• WORK ORDER:
What needs reproducing is the run of lines in the data below starting at the line with "And as always, we" and ending at the line with "Here you can", both ends included. Copy it exactly, without pictures, and add nothing.

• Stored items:
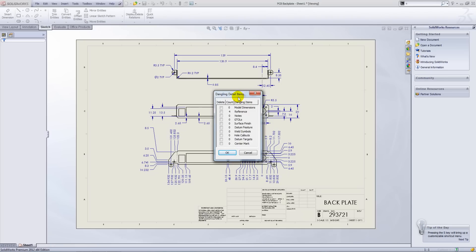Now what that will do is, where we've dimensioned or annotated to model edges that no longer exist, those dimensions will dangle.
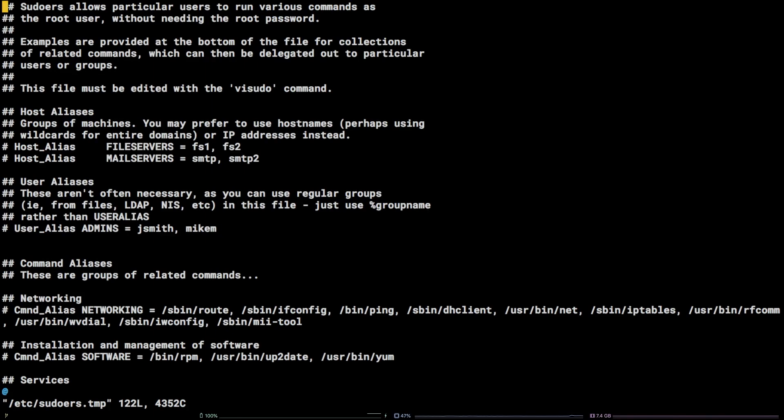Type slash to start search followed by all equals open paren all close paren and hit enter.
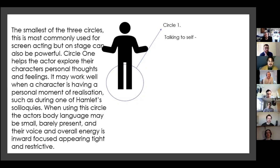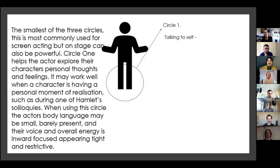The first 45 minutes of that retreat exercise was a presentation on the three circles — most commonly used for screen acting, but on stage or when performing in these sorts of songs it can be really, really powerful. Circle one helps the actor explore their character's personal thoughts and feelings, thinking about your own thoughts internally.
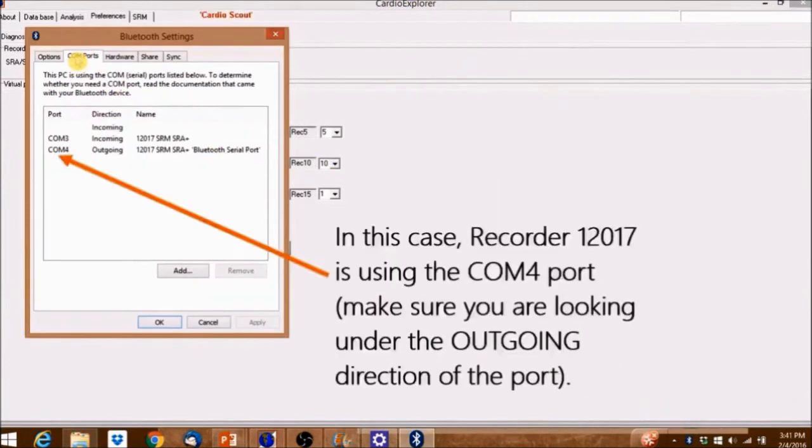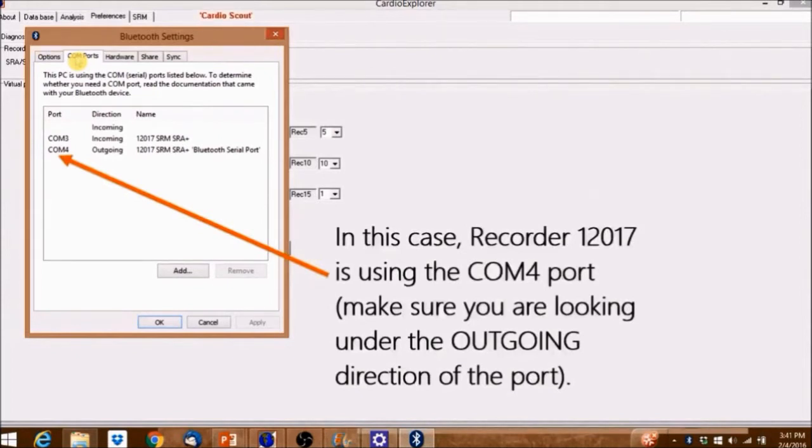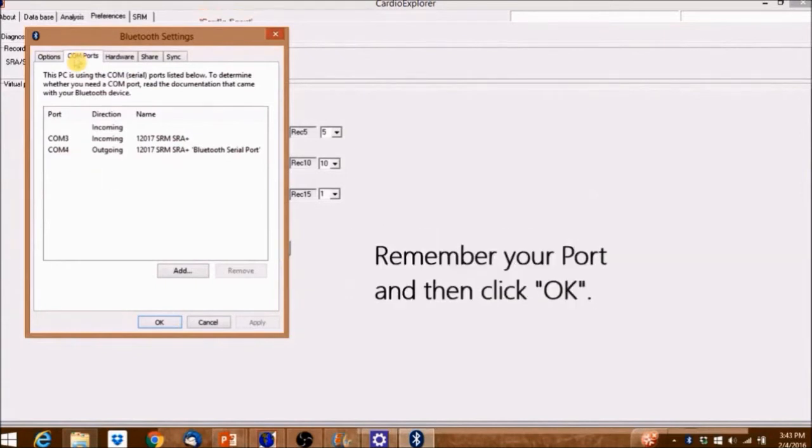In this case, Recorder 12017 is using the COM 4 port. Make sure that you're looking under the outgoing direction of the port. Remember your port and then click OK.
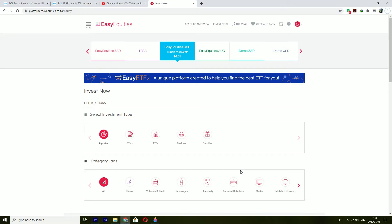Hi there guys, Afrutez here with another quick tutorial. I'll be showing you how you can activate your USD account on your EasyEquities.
...
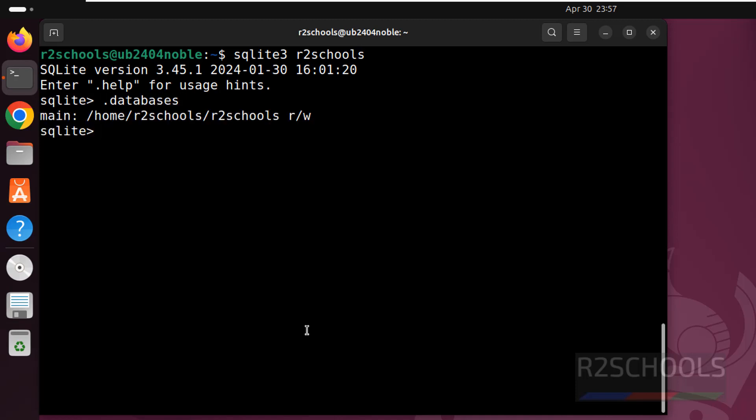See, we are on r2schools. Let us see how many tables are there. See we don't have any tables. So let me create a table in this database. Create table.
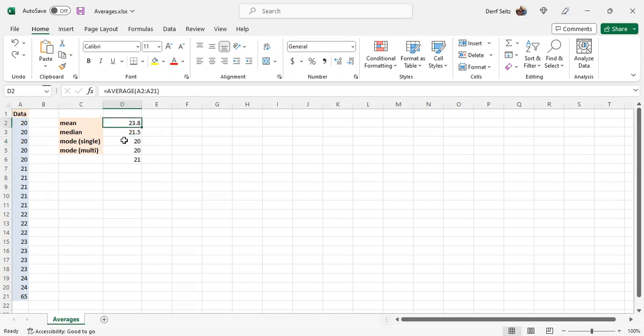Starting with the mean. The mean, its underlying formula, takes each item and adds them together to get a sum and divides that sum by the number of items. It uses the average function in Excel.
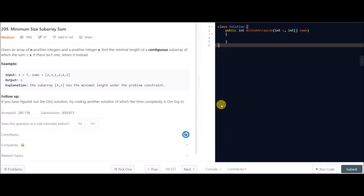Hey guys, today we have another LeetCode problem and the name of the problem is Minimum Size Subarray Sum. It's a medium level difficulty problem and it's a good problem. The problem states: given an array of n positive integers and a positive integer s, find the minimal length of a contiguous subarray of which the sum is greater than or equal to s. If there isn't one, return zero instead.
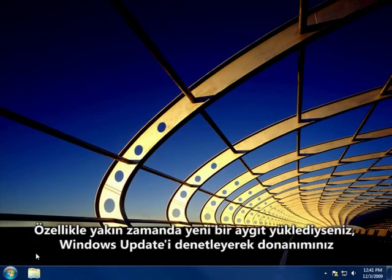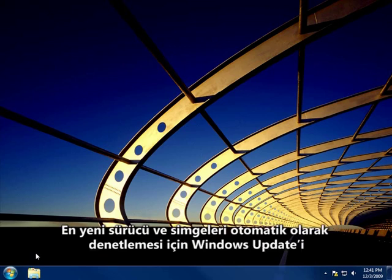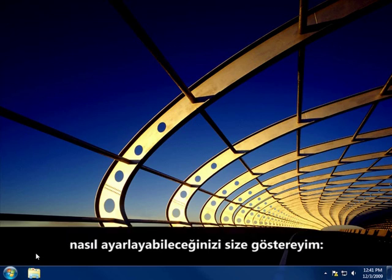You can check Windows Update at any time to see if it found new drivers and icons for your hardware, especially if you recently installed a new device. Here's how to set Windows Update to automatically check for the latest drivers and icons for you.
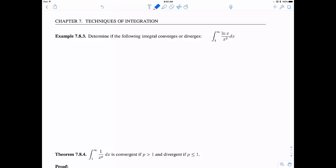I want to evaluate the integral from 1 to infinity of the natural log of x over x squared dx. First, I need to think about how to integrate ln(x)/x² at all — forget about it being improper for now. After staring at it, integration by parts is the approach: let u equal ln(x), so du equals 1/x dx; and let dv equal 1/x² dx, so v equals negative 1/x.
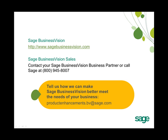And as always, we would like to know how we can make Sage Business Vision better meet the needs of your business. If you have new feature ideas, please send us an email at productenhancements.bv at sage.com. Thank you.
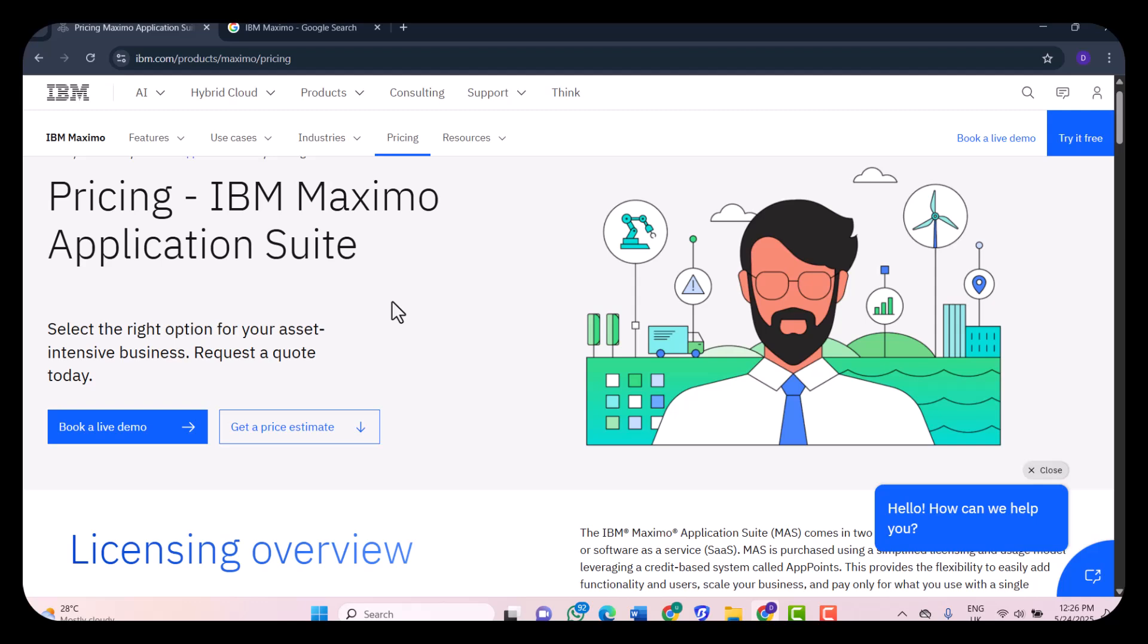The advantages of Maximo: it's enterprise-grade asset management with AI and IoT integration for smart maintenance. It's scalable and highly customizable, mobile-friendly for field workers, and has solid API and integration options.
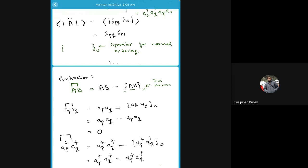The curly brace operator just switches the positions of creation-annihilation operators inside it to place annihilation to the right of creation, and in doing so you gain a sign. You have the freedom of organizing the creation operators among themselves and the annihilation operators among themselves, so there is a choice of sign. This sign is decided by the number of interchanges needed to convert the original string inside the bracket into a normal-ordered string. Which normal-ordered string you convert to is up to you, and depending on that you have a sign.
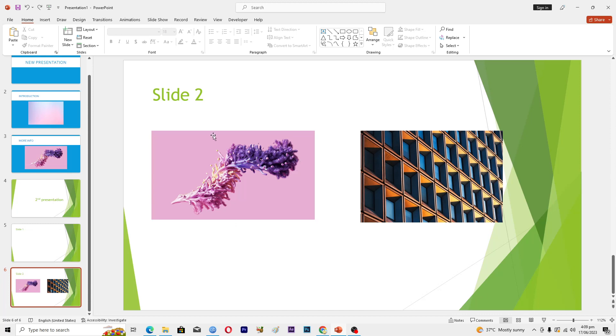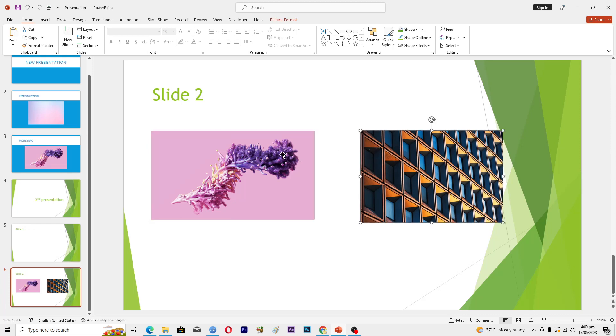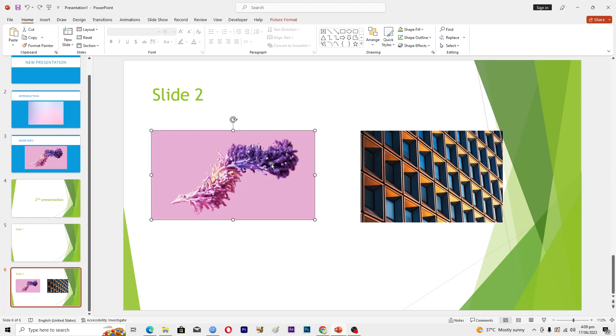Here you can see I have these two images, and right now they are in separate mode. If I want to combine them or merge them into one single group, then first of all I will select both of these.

• TASK ANSWER:
And as always, we would like to know how we can make Sage Business Vision better meet the needs of your business. If you have new feature ideas, please send us an email at productenhancements.bv at sage.com. Thank you.
The advantages of Maximo: it's enterprise-grade asset management with AI and IoT integration for smart maintenance. It's scalable and highly customizable, mobile-friendly for field workers, and has solid API and integration options.
The curly brace operator just switches the positions of creation-annihilation operators inside it to place annihilation to the right of creation, and in doing so you gain a sign. You have the freedom of organizing the creation operators among themselves and the annihilation operators among themselves, so there is a choice of sign. This sign is decided by the number of interchanges needed to convert the original string inside the bracket into a normal-ordered string. Which normal-ordered string you convert to is up to you, and depending on that you have a sign.
Here you can see I have these two images, and right now they are in separate mode. If I want to combine them or merge them into one single group, then first of all I will select both of these.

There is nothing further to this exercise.